Wall
Time Limit: 1000MS |
|
Memory Limit: 10000K |
Total Submissions: 18398 |
|
Accepted: 5992 |
Description
Once upon a time there was a greedy King who ordered his chief Architect to build a wall around the King's castle. The King was so greedy, that he would not listen to his Architect's proposals to build a beautiful brick wall with a perfect shape and nice tall towers. Instead, he ordered to build the wall around the whole castle using the least amount of stone and labor, but demanded that the wall should not come closer to the castle than a certain distance. If the King finds that the Architect has used more resources to build the wall than it was absolutely necessary to satisfy those requirements, then the Architect will loose his head. Moreover, he demanded Architect to introduce at once a plan of the wall listing the exact amount of resources that are needed to build the wall.
Your task is to help poor Architect to save his head, by writing a program that will find the minimum possible length of the wall that he could build around the castle to satisfy King's requirements.

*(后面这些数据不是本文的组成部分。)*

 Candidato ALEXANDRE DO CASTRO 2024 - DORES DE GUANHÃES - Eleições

The task is somewhat simplified by the fact, that the King's castle has a polygonal shape and is situated on a flat ground. The Architect has already established a Cartesian coordinate system and has precisely measured the coordinates of all castle's vertices in feet.
Input
The first line of the input file contains two integer numbers N and L separated by a space. N (3 <= N <= 1000) is the number of vertices in the King's castle, and L (1 <= L <= 1000) is the minimal number of feet that King allows for the wall to come close to the castle.

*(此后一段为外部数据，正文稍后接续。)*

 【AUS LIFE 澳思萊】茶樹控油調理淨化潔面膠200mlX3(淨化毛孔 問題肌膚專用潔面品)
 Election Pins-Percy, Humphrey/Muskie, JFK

Next N lines describe coordinates of castle's vertices in a clockwise order. Each line contains two integer numbers Xi and Yi separated by a space (-10000 <= Xi, Yi <= 10000) that represent the coordinates of ith vertex. All vertices are different and the sides of the castle do not intersect anywhere except for vertices.
Output
Write to the output file the single number that represents the minimal possible length of the wall in feet that could be built around the castle to satisfy King's requirements. You must present the integer number of feet to the King, because the floating numbers are not invented yet. However, you must round the result in such a way, that it is accurate to 8 inches (1 foot is equal to 12 inches), since the King will not tolerate larger error in the estimates.
Sample Input
9 100 200 400 300 400 300 300 400 300 400 400 500 400 500 200 350 200 200 200
Sample Output
1628
Hint
结果四舍五入就可以了
Source
琴日我地EK1412分享左滴题目,其中101majia就分比我地呢个凸包入门题目。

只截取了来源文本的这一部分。